Raven's Eye can scan and analyze text published on public websites and URLs, and can do so with very little preparation required of researchers. Indeed, all you need is the web address of the webpage that you want scanned. Once you have it, you may login and enter this web address into our site for automated analysis.
Copy and paste.
Your data can be copied to your computer's clipboard from another source and pasted directly into Raven's Eye. To prepare your data for copying and pasting into Raven's Eye, simply use the highlighting or select feature of the program that you are using to select the text that you would like to copy, and then choose that program's Copy command to copy the selected text to your computer's clipboard. If you haven't already done so, proceed to log in to Raven's Eye, and then paste your copied text into its own table for analysis.
Raven's Eye automatically removes most html and other formatting characters that may have been inadvertently captured during the copying process.
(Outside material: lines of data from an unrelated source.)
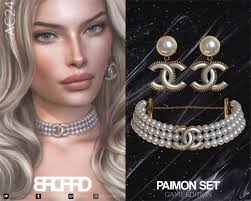 PAIMON SET /// THE SIMS 4 CC /// BRADFORD
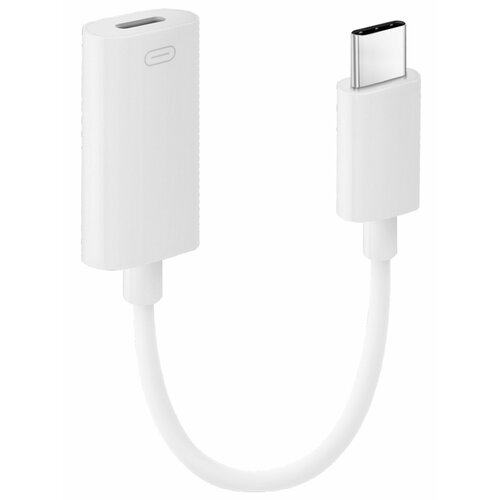 EnergEA Адаптер Bazic GoCharge USB-C to Lightning (Power/Data/CarPlay) White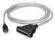 Кабел/адаптер MANHATTAN 336581 :: Конвертор USB 2.0 към Parallel DB25F снимка 3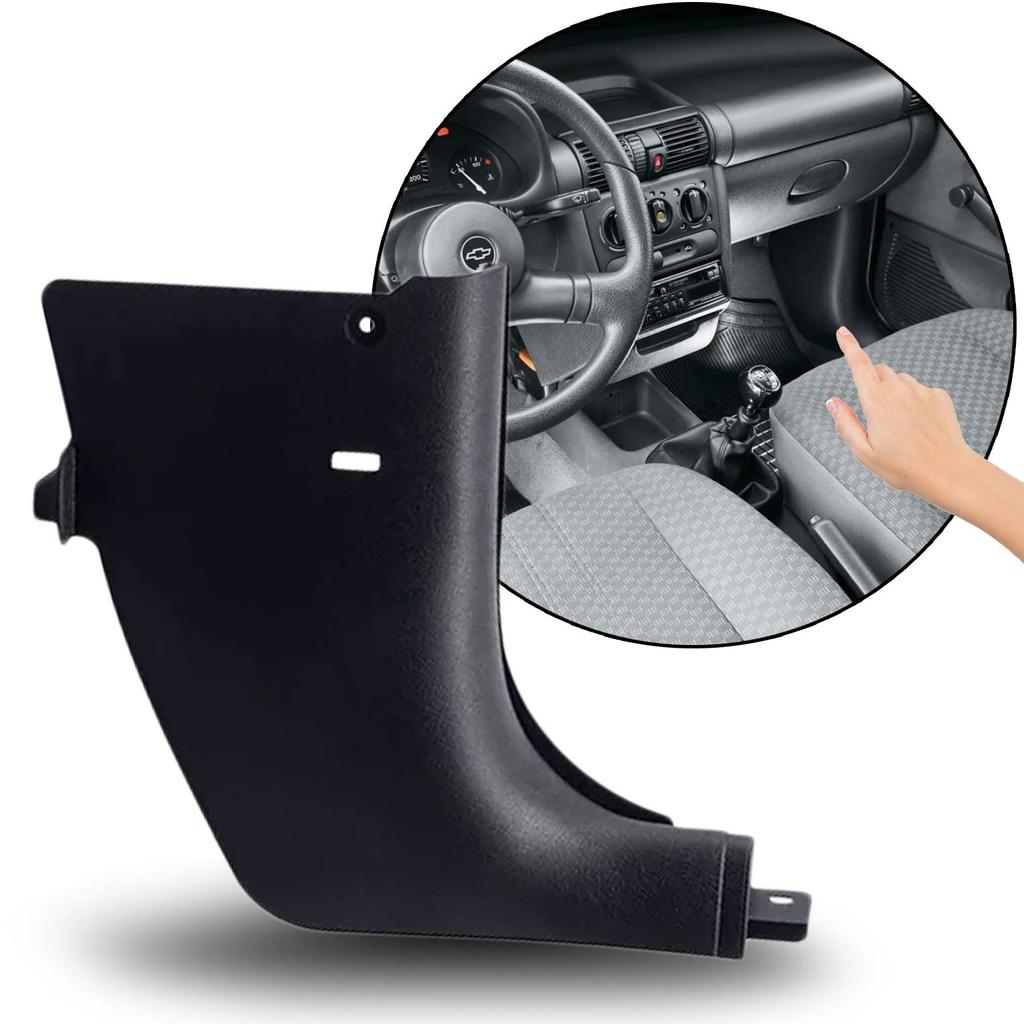 Moldura Acabamento  Inferior Direito Corsa B Wind Classic Wagon Pickup Tigra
However, you may occasionally capture strings of characters when copying and pasting from various sources without first cleaning your data. In some instances, the inadvertent capture of character strings may affect the apparent distribution of the words in your sample, thereby introducing various amounts of error into your results.
We recommend that users try to reduce the amount of formatting incidentally captured in the copying process by carefully selecting only the text that they are interested in analyzing, while trying to refrain from capturing clearly marked links, images, or other non-textual features that may surround that text. When general impressions are all that are required, such procedure may likely suffice in terms of data preparation. When however, precise or scientific results are required, we recommend cleaning your data such that it contains only textual or numeric data, and then uploading it via one of our supported spreadsheet formats.
Once you have copied the text that you would like analyzed, you may login to Raven's Eye and paste your text into our online software for automated analysis.
Those wishing to ground their investigations in Quantitative Phenomenological methods may want to consider the information provided on the Acknowledge and refine your attitude page of our Technicals, which is first step in conducting a Quantitative Phenomenology with Raven's Eye. That step addresses several theoretical and methodological considerations that correspond with many of the practical decisions made while gathering and preparing your data.